Sylvain Cypel è un giornalista ed intellettuale francese, a lungo inviato di Le Monde negli USA ed autore nel 2006 di un altro importante libro sul conflitto israelo-palestinese: “Les emmurés : la société israélienne dans l’impasse” [I murati vivi: la società israeliana nel vicolo cieco], non tradotto in italiano. Attualmente collabora con il sito Orient XXI di Alain Gresh.

Avendo vissuto a lungo durante la giovinezza in Israele e con un padre sionista, l’autore conosce bene la società e la politica di quel Paese. Non a caso il libro inizia con un ricordo familiare: nel 1990 l’ottantenne genitore gli disse: “Vedi, alla fine abbiamo vinto”, riferendosi al sionismo. “Mi ricordo”, scrive Cypel, “di essere rimasto zitto. E di aver tristemente pensato che quella storia non era finita e che dentro di lui mio padre lo sapesse.”
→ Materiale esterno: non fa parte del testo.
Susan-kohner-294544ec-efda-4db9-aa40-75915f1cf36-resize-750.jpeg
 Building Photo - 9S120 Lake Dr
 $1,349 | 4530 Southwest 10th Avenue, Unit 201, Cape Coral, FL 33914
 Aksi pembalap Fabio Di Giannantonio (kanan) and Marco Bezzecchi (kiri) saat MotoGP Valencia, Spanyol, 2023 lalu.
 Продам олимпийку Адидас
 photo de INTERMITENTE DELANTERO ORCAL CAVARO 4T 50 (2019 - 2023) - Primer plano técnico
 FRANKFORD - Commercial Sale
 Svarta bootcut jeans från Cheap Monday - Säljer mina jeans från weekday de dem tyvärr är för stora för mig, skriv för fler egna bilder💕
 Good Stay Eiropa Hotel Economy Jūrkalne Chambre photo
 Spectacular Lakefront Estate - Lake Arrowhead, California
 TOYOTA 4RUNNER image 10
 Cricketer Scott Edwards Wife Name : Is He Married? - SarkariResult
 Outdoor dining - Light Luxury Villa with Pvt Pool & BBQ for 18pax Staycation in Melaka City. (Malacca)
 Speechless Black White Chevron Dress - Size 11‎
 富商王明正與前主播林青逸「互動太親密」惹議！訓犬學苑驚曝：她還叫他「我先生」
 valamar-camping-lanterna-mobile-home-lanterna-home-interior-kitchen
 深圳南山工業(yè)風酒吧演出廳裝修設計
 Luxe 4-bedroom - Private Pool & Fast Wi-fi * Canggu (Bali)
È proprio di questa riflessione iniziale che parla il libro. Chi segue assiduamente le vicende israelo-palestinesi vi troverà spesso cose già note. Molti degli articoli citati si trovano sul sito di Zeitun. Tuttavia, sia per la qualità letteraria che per la profondità di analisi il lettore non rimane deluso. Ogni capitolo è introdotto da un titolo ricavato da una citazione significativa da articoli o interviste che ne sintetizza molto efficacemente il contenuto: dal molto esplicito “Orinare nella piscina dall’alto del trampolino”, per evocare la sfacciataggine di Israele nel violare leggi e regole internazionali, a “Non capiscono che questo Paese appartiene all’uomo bianco”, riguardo al razzismo che domina la politica e l’opinione pubblica israeliane, fino a “Sono stremato da Israele, questo Paese lontano ed estraneo”, in cui l’autore descrive il sentimento di molti ebrei della diaspora nei confronti dello “Stato ebraico”.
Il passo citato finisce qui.